Ask yourself this, when a thought about where you stand or what you're at on the day pops in your head, did you intentionally think it? Most likely not. The thought just arrived in your mind unsolicited. But then the choice to go with the thought is much more within your control.
That feeling of discomfort or nerves when you find out where you stand is completely normal. But when we retract from it or wish we didn’t feel it or try to ignore it is when we develop the unhealthy relationship with our own thoughts.
When you think you’re allergic to knowing your score, then you create a sense of avoidance. And that avoidance often translates to fearing a certain thought. So now you're using your mental energy and focus trying not to think a certain thing instead of letting an uncomfortable thought be there and playing golf.
So yeah if you hate that uncomfortable feeling that comes with knowing your score, then yeah of course you’re going to respond poorly and not play the next shot or holes or the rest of the round in the present.
So what can you do? If you know seeing your score makes you play worse, I'd try to come to terms with the idea that you probably just think knowing your score makes you play worse. Realize that you’re not actually allergic to knowing your score.
Knowing your score is simply just another thought, just like a random thought about dinner tonight or that email you have to send. Just because you think it and it makes you feel a certain way doesn't mean you have to follow it or give it any weight.
So the way out of this isn’t to avoid knowing your score. As much as that feels like the answer, that avoidance causes more problems than it solves.

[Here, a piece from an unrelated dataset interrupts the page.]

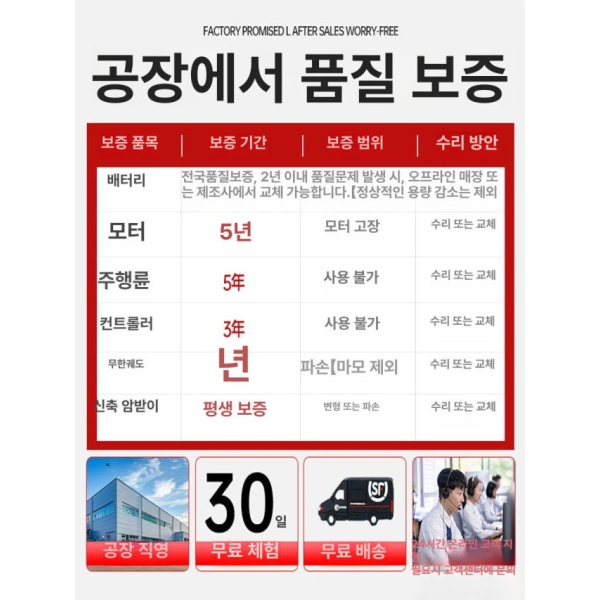 강력한 전동 계단 리프트 카트 오르는기계 접이식 구루마 타이어형-150kg - 상세 이미지 4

The answer is this: embrace your thoughts as just thoughts. When you see where you're at on the day, respond with openness and curiosity, rather than an allergic reaction. Know that the discomfort that comes along with knowing your score is normal. And the less you fight it, the more you normalize it over time. Until eventually you can look at your score or keep a running tally and it doesn’t have to hurt your game, and can even be helpful.